I was up at 6 on not enough sleep as we were leaving early for the two day trip on dirt roads (‘the main highway’). I battled the cockroaches off and wrestled the tent into the bag, and made myself an extremely large cup of bad coffee (I am already dreaming of a flat white). We headed off just after 8 to find the road to Liberia. Be under no illusion that google maps will help you here, as the rainy season washes away the roads every year, and then the trucks just find a new way through – expanding the small roads between villages into this year’s highway. There are no street signs, and the best way to figure out which is the right road is to look for truck tracks. Then you have to ask where the road goes. Never make the mistake of asking ‘is this the road to X?’, as most locals will say yes regardless.

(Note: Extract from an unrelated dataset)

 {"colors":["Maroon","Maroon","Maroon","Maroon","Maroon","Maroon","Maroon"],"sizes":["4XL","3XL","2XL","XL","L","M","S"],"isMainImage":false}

It is going to be a long bumpy few days with the same view of a dirt red road until we get over the border, interspersed with a few mud hut villages every now and then. The further we go the more of an oddity we are for the locals. Many of the kids try to jump on the back for a free ride, so Zoe and Jason spend a fair amount of time shoo-ing them off. It is probably only a 150 km but the roads are muddy swamps. No doubt it will feel even longer, as given the heat, some of my fellow passengers are becoming pretty fragrant. Fortunately the truck is actually more comfortable than I had imagined, so while it is hot, it isn’t too cramped and my butt isn’t taking too much of a bashing
We made pretty good time, probably about 100km, but didn’t quite meet our goal of getting past Zimmi. About 3k before the town we encountered a wonderful west African spectacle of a crowd of men trying to extract a minibus from the bog. While we could pass most of the road there was one section that would have been tricky and was blocked by the minibus. There was also a truck there that had been stranded for four days.
The enterprising locals were hard at work with chainsaws felling trees to throw into the deepest hole, and we were assured there was no way we were going to pass today. We backed up about two km to where we could pull off the road and we have pitched tents on a flattish clearing.

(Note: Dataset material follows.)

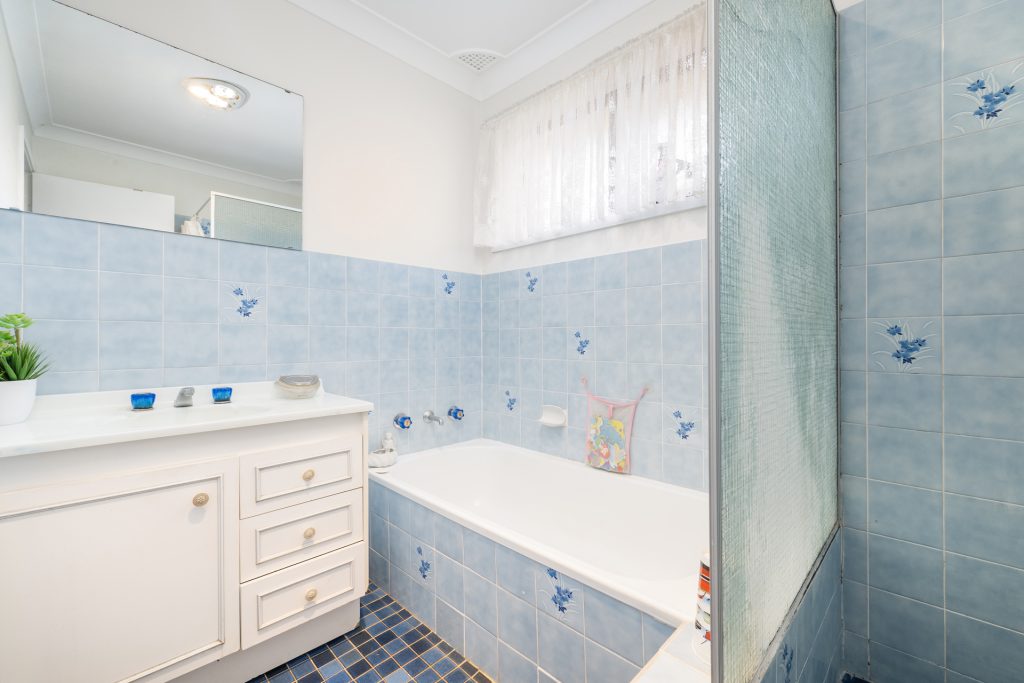 1454 Millthorpe Road, Millthorpe NSW 2798 - photo 7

I was on cook group, and the thunder and lightening rolled in as we were prepping. The truck has a tarp which kept us mostly dry, and then Jason stripped off to have a shower under the tarp edges which had amazing water pressure. Most of the rest of us were inspired by his sensible use of natures resources. I grabbed some soap and had the best shower so far in west Africa, I even washed my hair and my shirt.
Dinner was pretty good, lentils and flatbread. And most of us retired early to bed to stay dry and enjoy the booming orchestra of the storm.